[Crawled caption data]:
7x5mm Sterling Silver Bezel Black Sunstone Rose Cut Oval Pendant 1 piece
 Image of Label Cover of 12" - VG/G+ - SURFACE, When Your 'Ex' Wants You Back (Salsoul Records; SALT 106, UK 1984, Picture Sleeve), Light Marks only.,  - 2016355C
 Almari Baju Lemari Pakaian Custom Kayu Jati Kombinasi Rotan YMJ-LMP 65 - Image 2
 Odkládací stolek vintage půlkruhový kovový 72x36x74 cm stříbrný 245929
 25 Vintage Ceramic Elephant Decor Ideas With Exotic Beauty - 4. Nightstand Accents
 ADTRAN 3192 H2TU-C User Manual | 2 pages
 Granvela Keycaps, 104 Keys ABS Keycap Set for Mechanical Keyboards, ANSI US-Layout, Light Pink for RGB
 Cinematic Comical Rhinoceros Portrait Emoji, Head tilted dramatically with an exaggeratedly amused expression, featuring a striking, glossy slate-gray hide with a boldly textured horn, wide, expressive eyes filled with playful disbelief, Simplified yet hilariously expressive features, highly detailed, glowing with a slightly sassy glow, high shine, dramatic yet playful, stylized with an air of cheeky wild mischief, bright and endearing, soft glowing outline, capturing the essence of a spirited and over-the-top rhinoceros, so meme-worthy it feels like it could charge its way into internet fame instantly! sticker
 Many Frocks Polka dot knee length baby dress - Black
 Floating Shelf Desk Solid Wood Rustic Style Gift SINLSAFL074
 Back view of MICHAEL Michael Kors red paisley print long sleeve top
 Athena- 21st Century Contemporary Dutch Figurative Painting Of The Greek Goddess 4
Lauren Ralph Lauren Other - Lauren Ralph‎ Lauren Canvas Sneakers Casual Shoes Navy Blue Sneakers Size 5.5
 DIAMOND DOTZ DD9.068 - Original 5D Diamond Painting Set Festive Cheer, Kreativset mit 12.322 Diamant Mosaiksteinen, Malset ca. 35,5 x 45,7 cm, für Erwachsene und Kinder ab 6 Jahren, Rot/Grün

[ABOUT THIS EXERCISE]: Nothing may be dropped or altered; repeat every record in full.

[TASK RESULT]:
7x5mm Sterling Silver Bezel Black Sunstone Rose Cut Oval Pendant 1 piece
 Image of Label Cover of 12" - VG/G+ - SURFACE, When Your 'Ex' Wants You Back (Salsoul Records; SALT 106, UK 1984, Picture Sleeve), Light Marks only.,  - 2016355C
 Almari Baju Lemari Pakaian Custom Kayu Jati Kombinasi Rotan YMJ-LMP 65 - Image 2
 Odkládací stolek vintage půlkruhový kovový 72x36x74 cm stříbrný 245929
 25 Vintage Ceramic Elephant Decor Ideas With Exotic Beauty - 4. Nightstand Accents
 ADTRAN 3192 H2TU-C User Manual | 2 pages
 Granvela Keycaps, 104 Keys ABS Keycap Set for Mechanical Keyboards, ANSI US-Layout, Light Pink for RGB
 Cinematic Comical Rhinoceros Portrait Emoji, Head tilted dramatically with an exaggeratedly amused expression, featuring a striking, glossy slate-gray hide with a boldly textured horn, wide, expressive eyes filled with playful disbelief, Simplified yet hilariously expressive features, highly detailed, glowing with a slightly sassy glow, high shine, dramatic yet playful, stylized with an air of cheeky wild mischief, bright and endearing, soft glowing outline, capturing the essence of a spirited and over-the-top rhinoceros, so meme-worthy it feels like it could charge its way into internet fame instantly! sticker
 Many Frocks Polka dot knee length baby dress - Black
 Floating Shelf Desk Solid Wood Rustic Style Gift SINLSAFL074
 Back view of MICHAEL Michael Kors red paisley print long sleeve top
 Athena- 21st Century Contemporary Dutch Figurative Painting Of The Greek Goddess 4
Lauren Ralph Lauren Other - Lauren Ralph‎ Lauren Canvas Sneakers Casual Shoes Navy Blue Sneakers Size 5.5
 DIAMOND DOTZ DD9.068 - Original 5D Diamond Painting Set Festive Cheer, Kreativset mit 12.322 Diamant Mosaiksteinen, Malset ca. 35,5 x 45,7 cm, für Erwachsene und Kinder ab 6 Jahren, Rot/Grün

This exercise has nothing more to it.